Do Traffic Lights Enable Auto-Texters?

One of the concepts I discovered while researching this week’s Geek Life column (which will be published here and in the Yukon News tomorrow) is that of risk compensation.

Risk compensation posits that we accept more risk as we sense a greater degree of safety and security around us.

So, for example, bikers who wear helmets travel faster and more aggressively than those who do not, generally negating the safety element of the helmet. In contrast, bikers who do not wear helmets travel at a slower pace, demonstrate more environmental awareness, and exhibit greater caution when, say, crossing an intersection.

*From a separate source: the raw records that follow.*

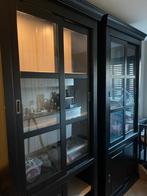 Zwarte kasten met licht en schuifdeuren, Antiek en Kunst, Antiek | Meubels | Kasten, Ophalen of Verzenden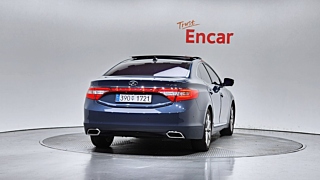 HYUNDAI GRANDEUR HG 2016
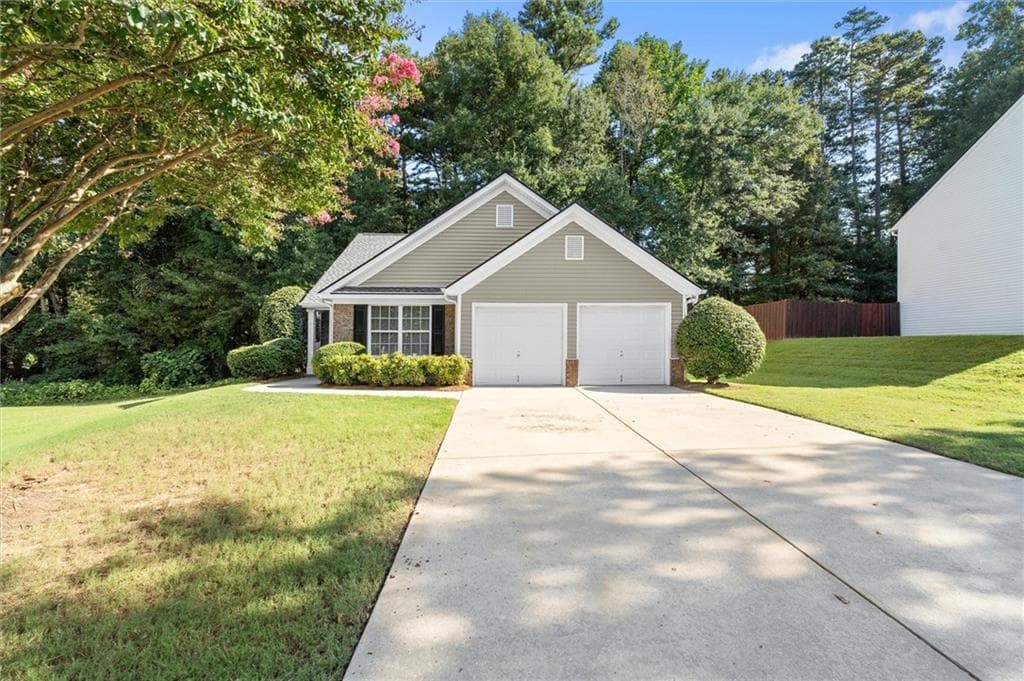 3 bedroom, 2 bathroom, 1,298 sq ft single family residence for sale at 1421 Pine Acre Drive, Sugar Hill, GA 30518 — photo 1 of 37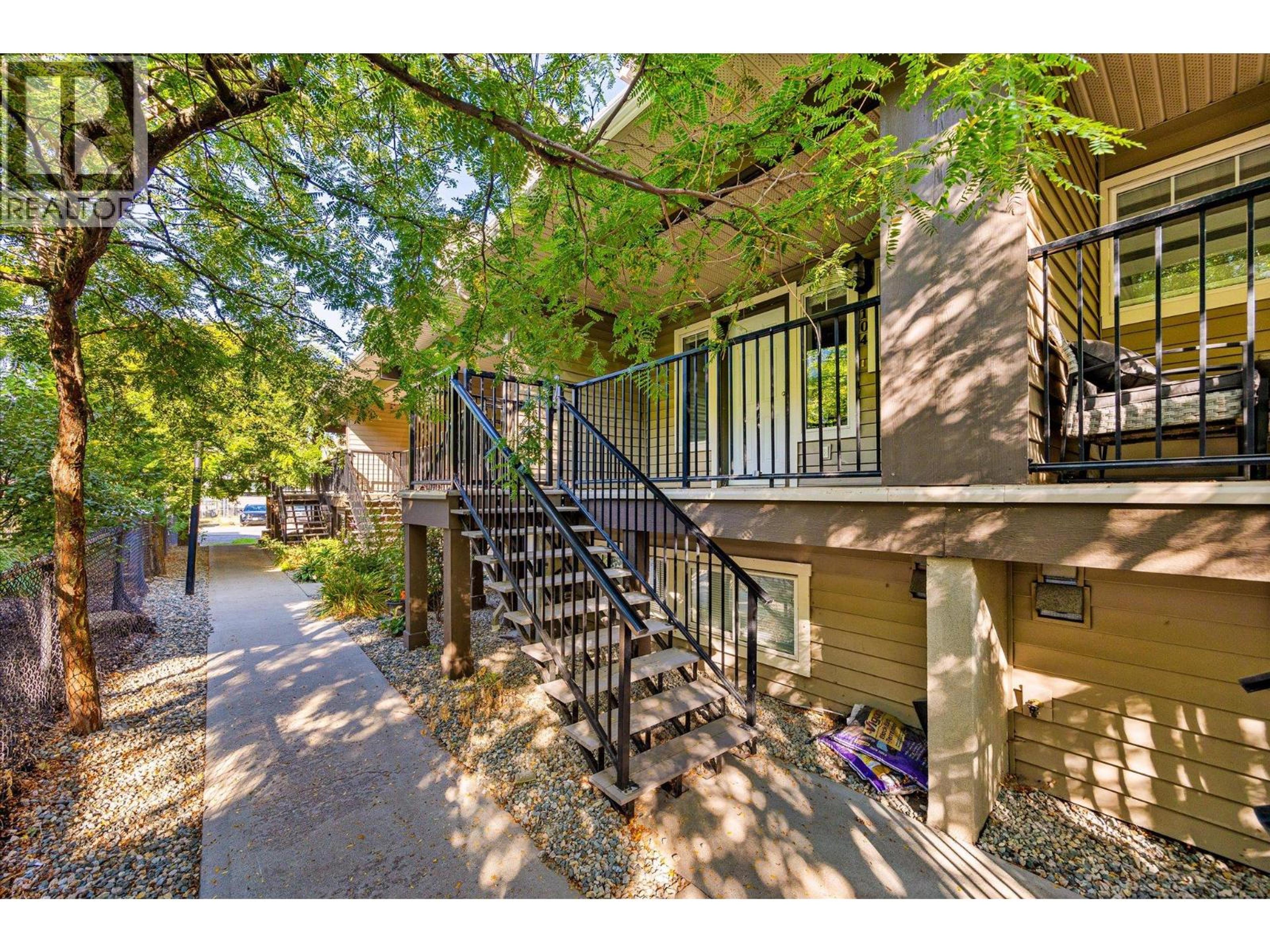 1355 Findlay Road, Kelowna - Exteriors - Full Complex View - Photo 2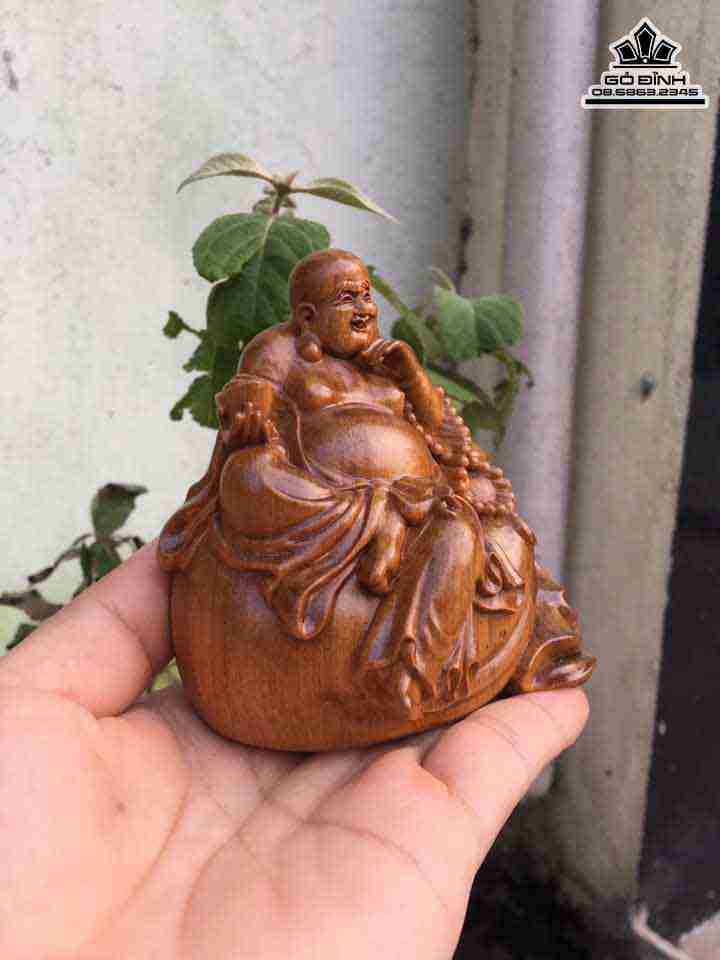 Tuong-Phat-Di-Lac-Hoan-Hy-De-Xe-Go-Dep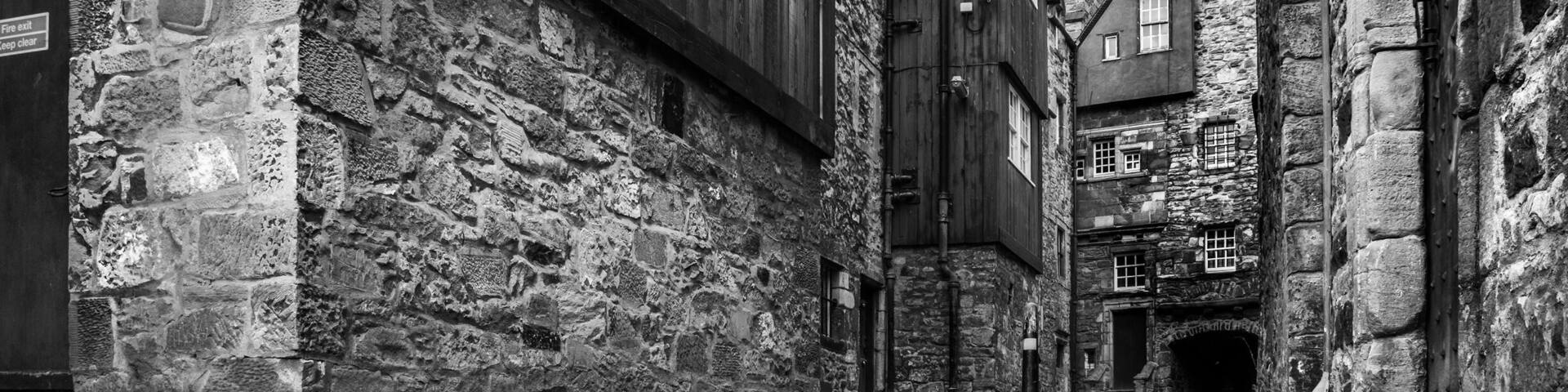 Bakehouse Close
© Paul Cunningham-Edinburgh Photo Guy
Bakehouse Close, Canongate on Edinburgh's Royal Mile is one of my favourite closes, because it's so well preserved. Edinburgh Heritage have documents from the 1700's with all the names of the people that lived in the historic close, including Lord Adam Gordon; David Doig, merchant; William Dunbar, weaver and Ewen. Visiting here gives a good impression of what living in the old city must have been like.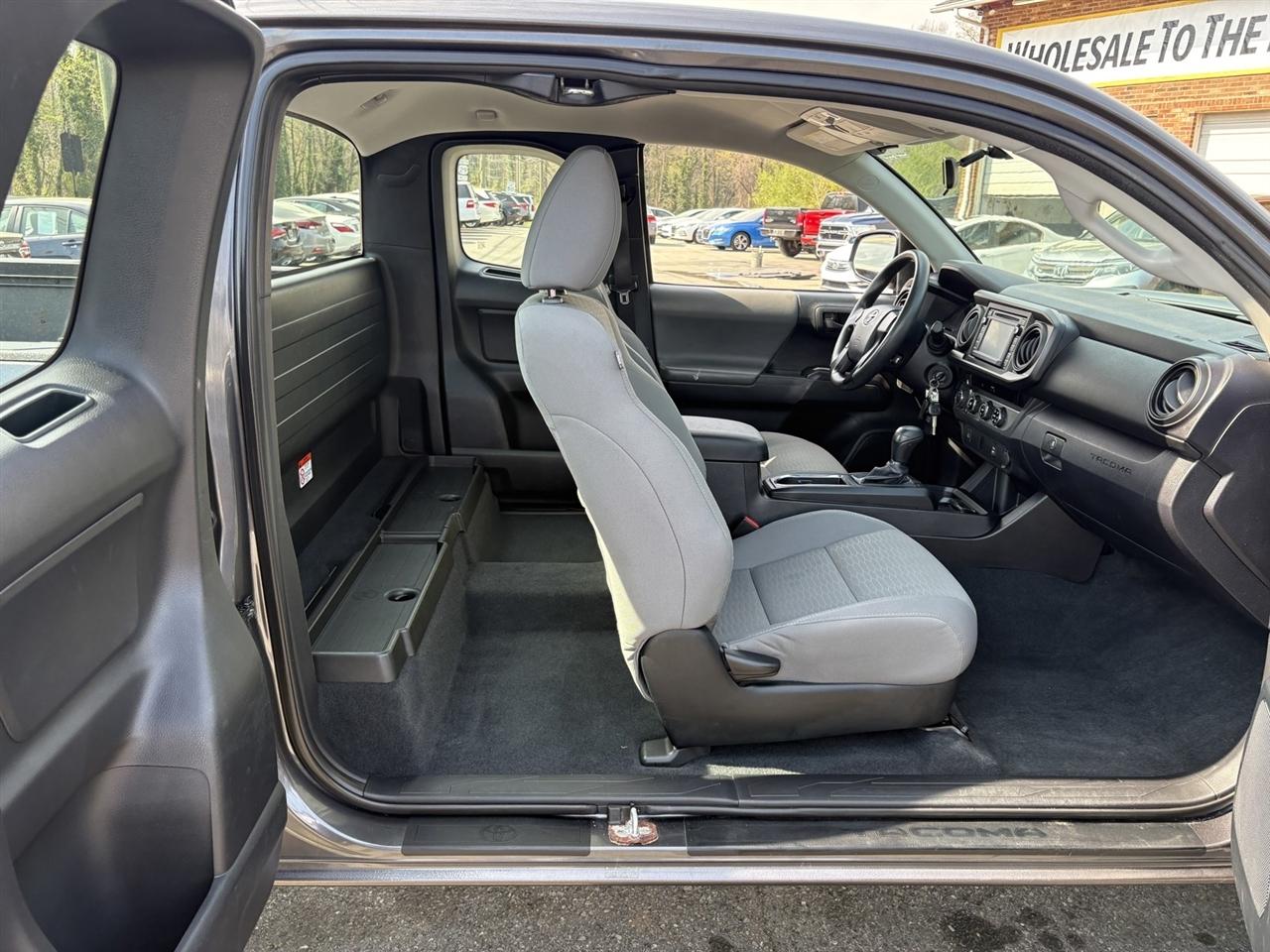 Toyota Tacoma SR5 Access Cab I4 6AT 4WD 2016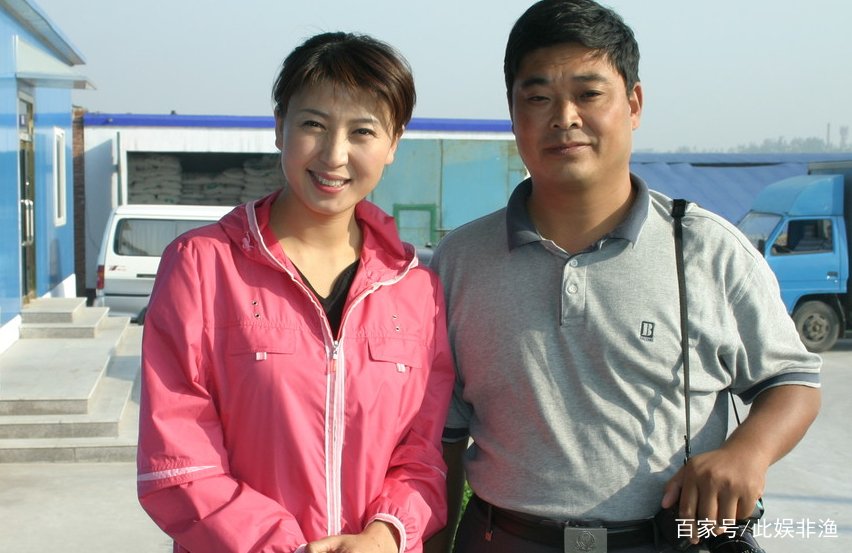 赵本山被她拒绝，后来低调嫁给小沈阳恩人，如今48岁活成这样，她是谁？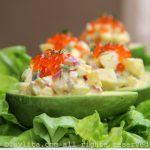 Salade d'avocats farcis aux oeufs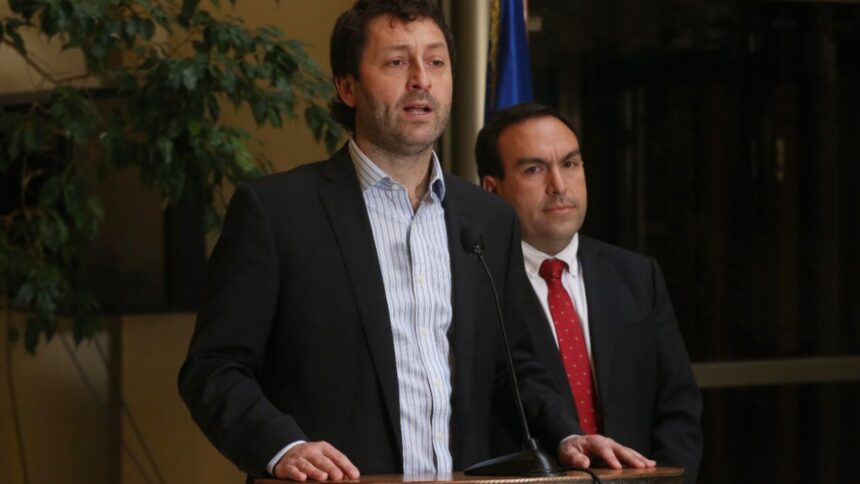 Diputados de la UDI buscan extender bono de Carabineros a todos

So what effect does risk compensation have on text messaging in motor vehicles (an activity which reduces one’s reaction time by over 30%)?

I wonder if the safety-oriented design of roadways doesn’t give drivers a false sense of security that makes texting seem okay? Does the system of road markings, signs, and traffic lights seem to afford the luxury of textual distraction?

I’m just wondering…

2 thoughts on “Do Traffic Lights Enable Auto-Texters?

  1. There is quite an interesting movement to get rid of traffic signs / markings / etc. whatsoever.

    See this article:

    http://www.spiegel.de/international/spiegel/0,1518,448747,00.html

    “European traffic planners are dreaming of streets free of rules and directives. They want drivers and pedestrians to interact in a free and humane way, as brethren — by means of friendly gestures, nods of the head and eye contact, without the harassment of prohibitions, restrictions and warning signs.”

    “A project implemented by the European Union is currently seeing seven cities and regions clear-cutting their forest of traffic signs. Ejby, in Denmark, is participating in the experiment, as are Ipswich in England and the Belgian town of Ostende.”

    Same thinking as yours. I don’t know what happened since — the article is from November 2006, 3 years ago.